▸ **Task requirements**:
With the pictures set aside, write out all of the data exactly as it stands.

▸ **Input data**:
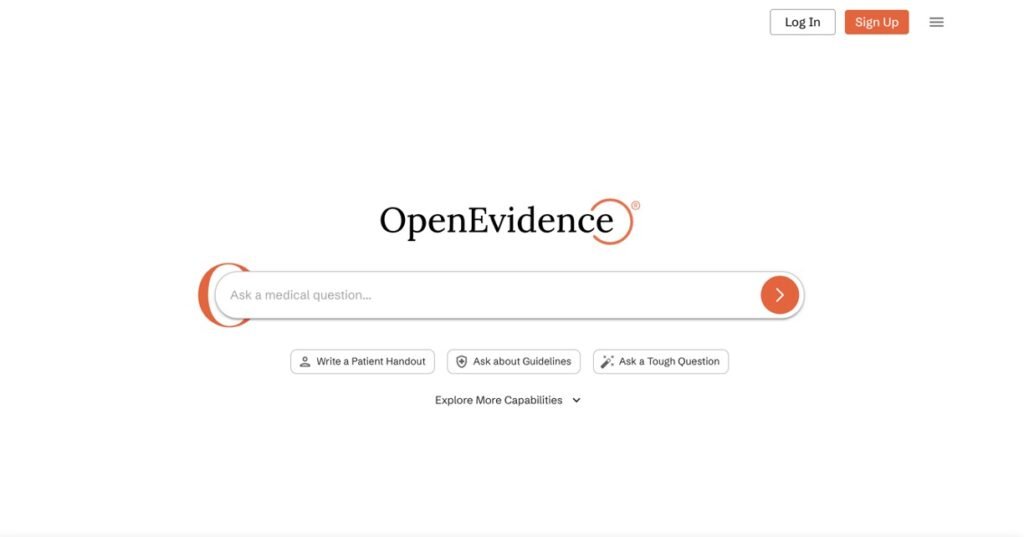 Open Evidence AI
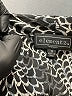 Elementz 100% Polyester Animal Print Black 3/4 Sleeve Blouse Size 1X - photo 7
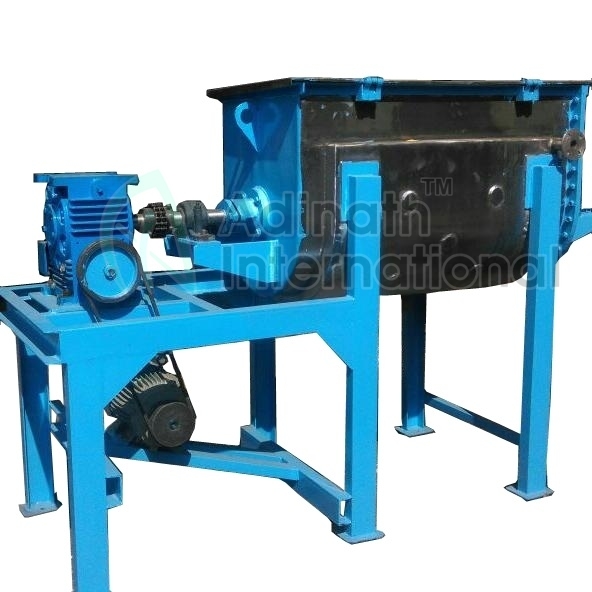 Semi-automatic Horizontal Ribbon Blender Mixer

▸ **Exercise response**:
 Open Evidence AI
 Elementz 100% Polyester Animal Print Black 3/4 Sleeve Blouse Size 1X - photo 7
 Semi-automatic Horizontal Ribbon Blender Mixer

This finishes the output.